Personal information
- Full name: John Darling
- Date of birth: 30 October 1877
- Place of birth: Belfast, Ireland
- Date of death: 8 February 1946 (aged 68)
- Place of death: Belfast, Northern Ireland
- Position(s): Half-back / Forward

Senior career*
- Years: Team / Apps / (Gls)
- Glentoran
- 1894–1915: Linfield / 497 / (109)

International career
- 1897–1912: Ireland / 22 / (1)
- 1897–1911: Irish League / 16 / (2)

= Johnny Darling =

Irish association football player

Johnny Darling (30 October 1877 – 8 February 1946) was an Irish footballer who played as a half back and forward.

==Club career==
Born in the Ballymacarret area of Belfast, Darling played youth football for Glentoran before signing for Linfield F.C. in 1894. He would make his debut during the 1896-97 season at the age of 19 and would go on to make 497 appearances for the club, winning the Irish League on eight occasions between 1897 and 1914. Darling would also win six Irish Cups whilst with Linfield, scoring twice in the 1904 Cup Final against Derry Celtic and four goals in the City Cup final the same season against Belfast Celtic.

Darling's playing career would conclude with a testimonial match which earned him close to £300.

==Later life==
After retiring from football, Johnny Darling would serve as Club President of Ormiston and Vice President of Dundela. Outside of the game, Darling was a member of the Star of the East Masonic Lodge and Vice-President of the East Belfast Working Mens Temperance Club. He would later own a newsagents on the Newtownards Road.

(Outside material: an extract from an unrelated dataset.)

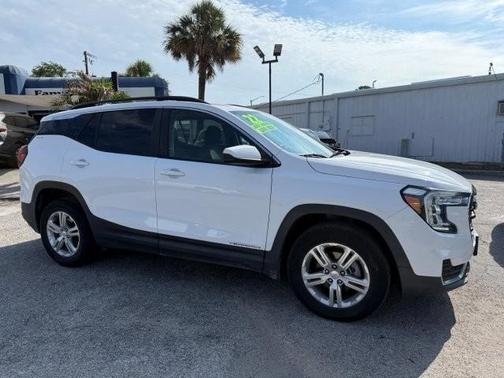 Summit White 2022 GMC Terrain SLE
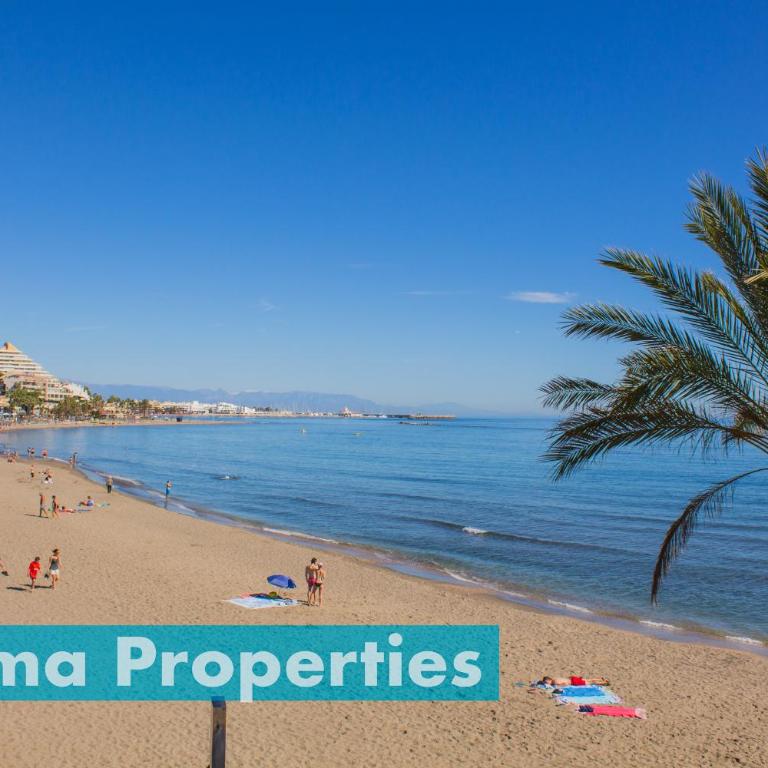 2BDR Sunny apartment with pool and private parking in Benalmádena - Two-Bedroom Apartment - 40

Darling died on 8 February 1946, and is buried in the Dundonald Cemetery in Belfast.

==International career==
Darling made his Ireland debut in a 6-0 defeat to England at the age of 19 during the 1896-97 British Home Championship. He would make 22 international appearances in total, scoring once, from the penalty spot, against Wales in 1910, his penultimate international appearance. Darling would captain his country in his final appearance, a 4-1 defeat against Scotland.

He would also make 16 appearances for the Irish League representative side, scoring 2 goals.